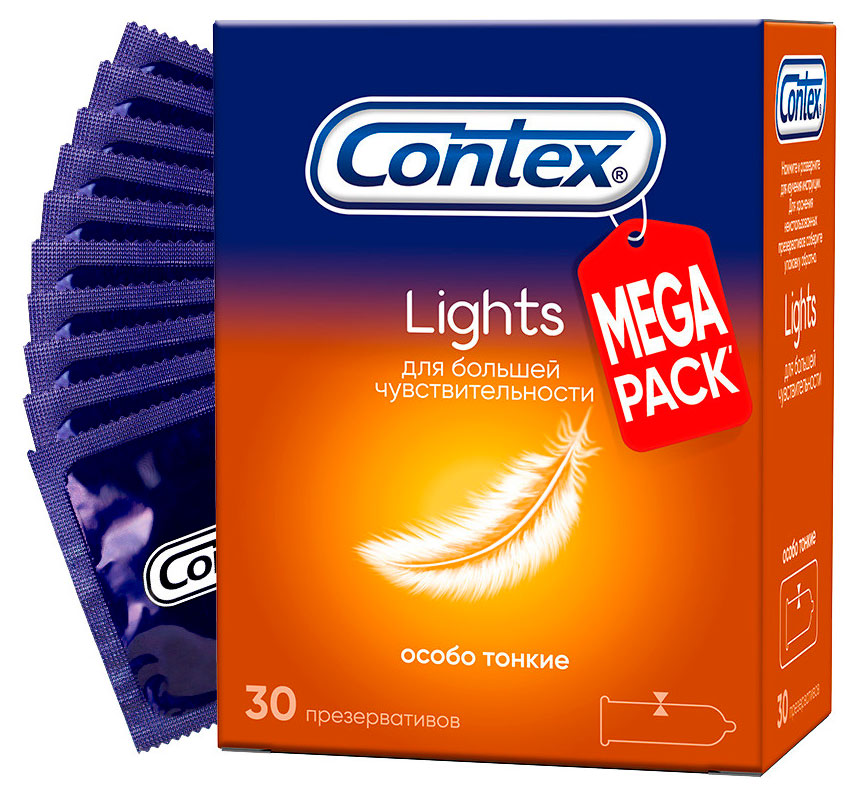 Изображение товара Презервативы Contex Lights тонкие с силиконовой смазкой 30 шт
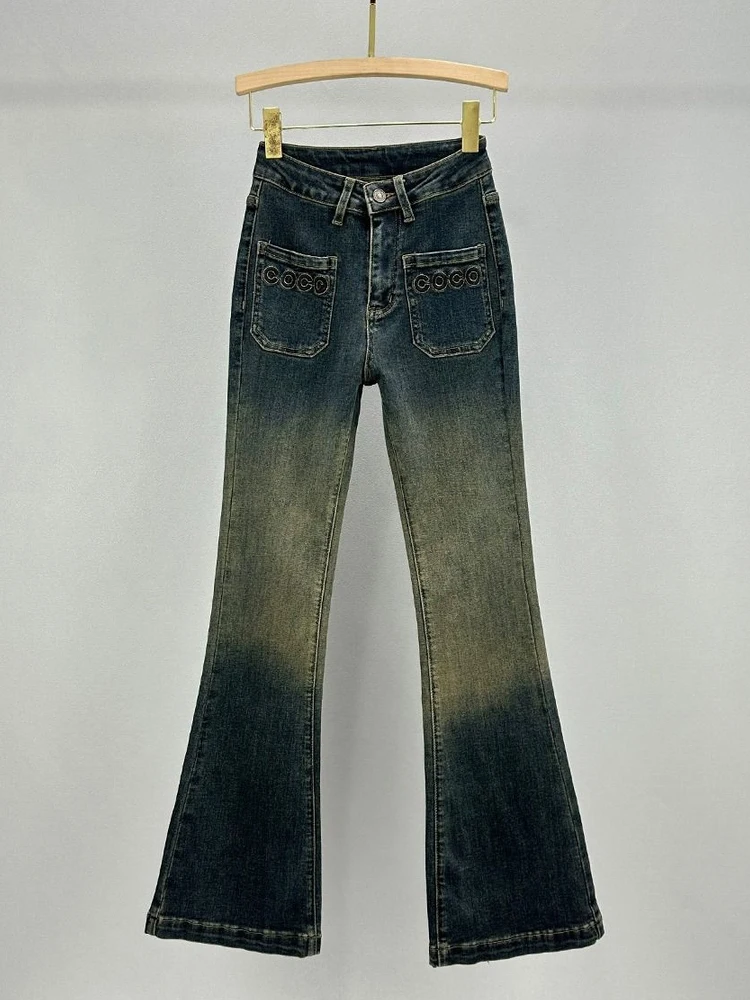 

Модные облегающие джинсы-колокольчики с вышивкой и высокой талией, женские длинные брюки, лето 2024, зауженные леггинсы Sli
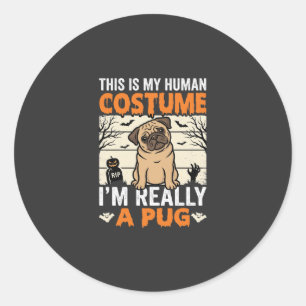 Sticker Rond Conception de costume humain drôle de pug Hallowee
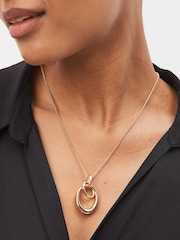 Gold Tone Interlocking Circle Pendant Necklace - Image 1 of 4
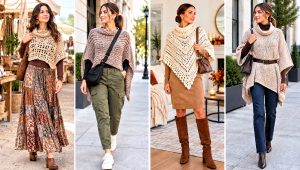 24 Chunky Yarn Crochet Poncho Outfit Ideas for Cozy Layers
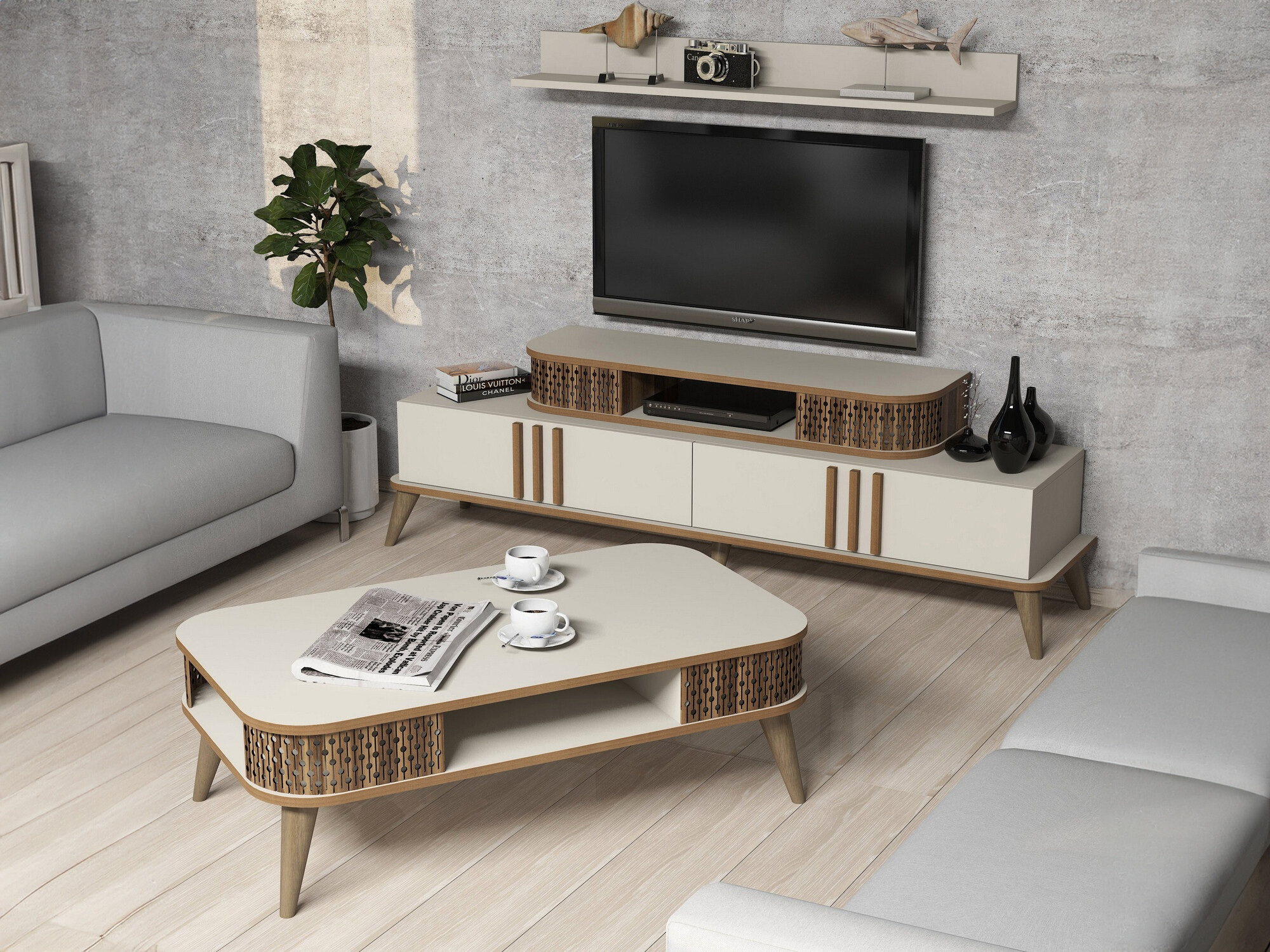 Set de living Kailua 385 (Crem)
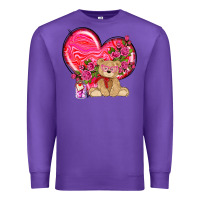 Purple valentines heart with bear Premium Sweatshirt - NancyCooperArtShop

= = = = =

[Problem statement] Each record must appear again exactly as written above, without its pictures.

[Solution to this problem]
 Изображение товара Презервативы Contex Lights тонкие с силиконовой смазкой 30 шт

Модные облегающие джинсы-колокольчики с вышивкой и высокой талией, женские длинные брюки, лето 2024, зауженные леггинсы Sli
 Sticker Rond Conception de costume humain drôle de pug Hallowee
 Gold Tone Interlocking Circle Pendant Necklace - Image 1 of 4
 24 Chunky Yarn Crochet Poncho Outfit Ideas for Cozy Layers
 Set de living Kailua 385 (Crem)
 Purple valentines heart with bear Premium Sweatshirt - NancyCooperArtShop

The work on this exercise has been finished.